All pasteurised milk tastes funny to me, having been raised on filtered but unpasteurised full cream milk. However I would not buy own brand because I like to support local industry. So in  my case I buy Kerry group milk- dawn or golden vale.


----------



## SineWave (14 Dec 2006)

*Re: Tesco milk or "brand name dairy" milk better quality?*



> Waxed cardboard cartons are the best way to store milk.



Wax hasn't been used in +20 years.
Both carton and plastic bottles contain the milk within a polyethelyne enclosure. A carton is a glorified mechanical protection surrounding a plastic bag.
Only significant difference is bottles subject the milk to light.


----------



## SineWave (14 Dec 2006)

*Re: Tesco milk or "brand name dairy" milk better quality?*



> So in my case I buy Kerry group milk- dawn or golden vale



Amazed that you don't buy the freshest (cow to shelf time) best tasting quality controlled milk in the country.........Lee Strand!


----------



## gillarosa (14 Dec 2006)

*Re: Tesco milk or "brand name dairy" milk better quality?*

Guys, Try Glenisk Organic.....a little more expensive I agree, but tastes so much better than any of the others. Also on the issue of price it works out cheaper to buy Glenisk in Dunnes / Superquinn / Supervalu than what I have occasionally been fleeced for milk in a local inconvenience store.


----------



## ajapale (14 Dec 2006)

*Re: Tesco milk or "brand name dairy" milk better quality?*



SineWave said:


> Amazed that you don't buy the freshest (cow to shelf time) best tasting quality controlled milk in the country.........Lee Strand!



I have to agree *Lee Strand* is great and their commitment to quality, "health and safety", energy and environmnatal management systems is unrivalled.  I would add that their advertising and pack artwork is garish and looks like it was put together by tranisition year students. Also I havent been able to find any website for them.


----------



## bumper21 (14 Dec 2006)

*Re: Tesco milk or "brand name dairy" milk better quality?*

I thought I was going mad too, I hate milk that comes from a plastic bottle and no one believed me that there was a difference.

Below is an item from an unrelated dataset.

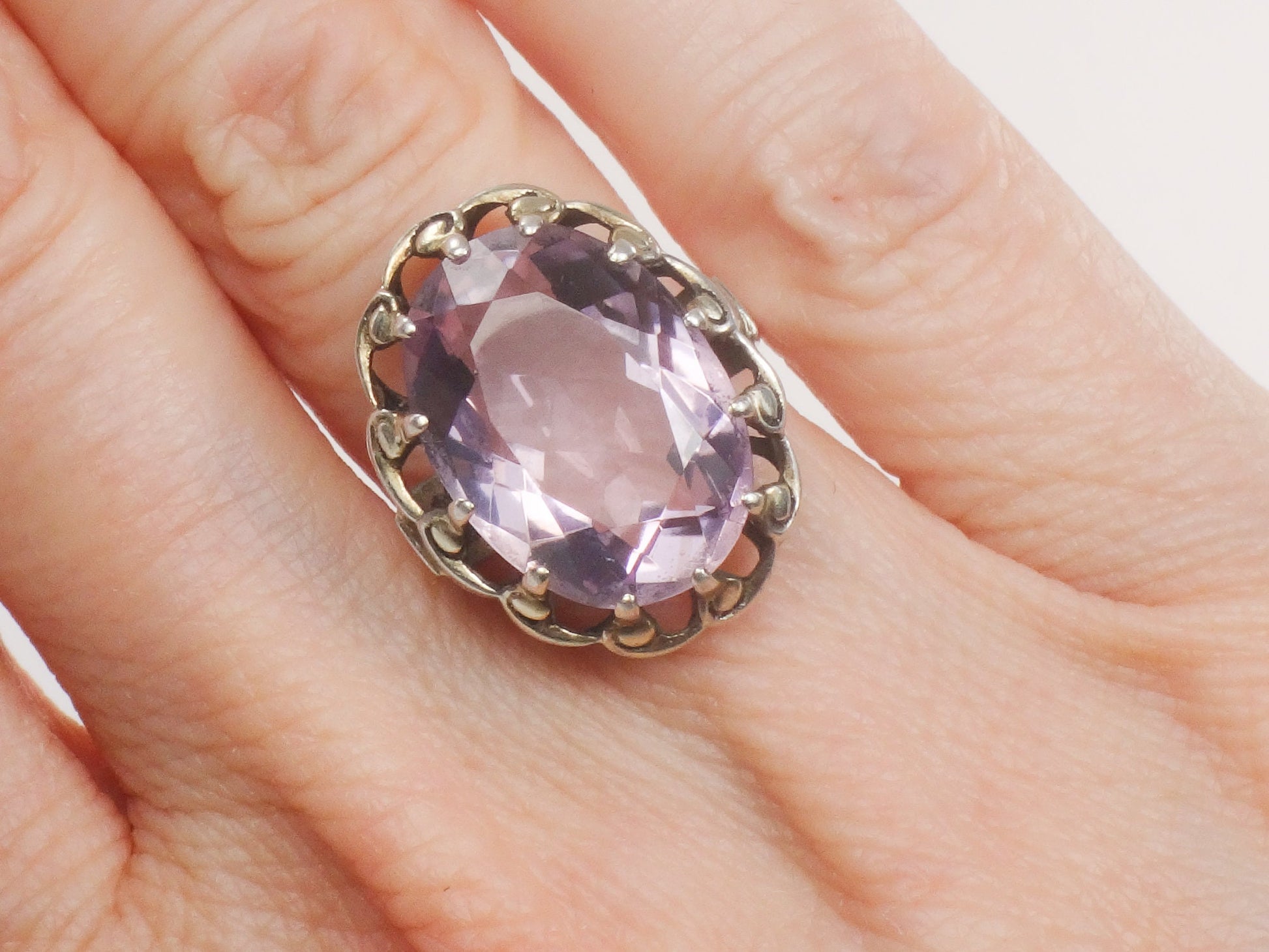 Vintage 800 Silver Amethyst Ring - Oval Cut, Size 4.75 - 1960s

I'm so glad I saw this now.


----------



## ajapale (14 Dec 2006)

*Re: Tesco milk or "brand name dairy" milk better quality?*

I appears from posts above that milk stored in a translucent plastic container *and* exposed to light can aquire a nasty taste (and suffer vitamin depletion).

I wonder if such milk was not exposed to light would it taste all right?


----------



## DrMoriarty (14 Dec 2006)

*Re: Tesco milk or "brand name dairy" milk better quality?*

[broken link removed]!  _(Science __here__...)_


----------



## ajapale (14 Dec 2006)

*Re: Tesco milk or "brand name dairy" milk better quality?*

from cornell.edu [broken link removed]



> Dear Uncle Ezra,
> I hope you can settle a disagreement among my friends and I. My family and I have always tasted the difference between milk (whole,skim,2%, you name it) sold in plastic versus paper. I have searched the internet and googled over the years for different resources but never found anything conclusive. Some sites suggest it is UV, others say it's psychological. I literally just opened a brand new plastic half gallon and a new paper quart and I swear I smell (and taste) the difference.
> 
> Cornell milk is some of the best milk I've ever had and we have the Ag school... Can you please settle this debate? Thanks
> ...


​


----------



## ClubMan (14 Dec 2006)

*Re: Tesco milk or "brand name dairy" milk better quality?*



> However, since Promolux           lamps             minimize the emission of damaging visible spectrum and UV wavelengths


 So this crowd sell dark lights?!


----------



## ajapale (14 Dec 2006)

*Re: Tesco milk or "brand name dairy" milk better quality?*

Thanks for throwing light on the topic with the really interesting link DrM.


----------



## DrMoriarty (14 Dec 2006)

*Re: Tesco milk or "brand name dairy" milk better quality?*

Thanks for the awful pun, aj! 

Whatever about the merits of cartons _vs_ plastic containers, wait until the big Irish retailers start preferring to stock that UHT muck that's so widespread on the continent...


----------



## Ceist Beag (18 Dec 2006)

*Re: Tesco milk or "brand name dairy" milk better quality?*

One question - why don't they have plastic containers which are not clear if the major problem is light?


----------



## SineWave (18 Dec 2006)

*Re: Tesco milk or "brand name dairy" milk better quality?*



> One question - why don't they have plastic containers which are not clear if the major problem is light?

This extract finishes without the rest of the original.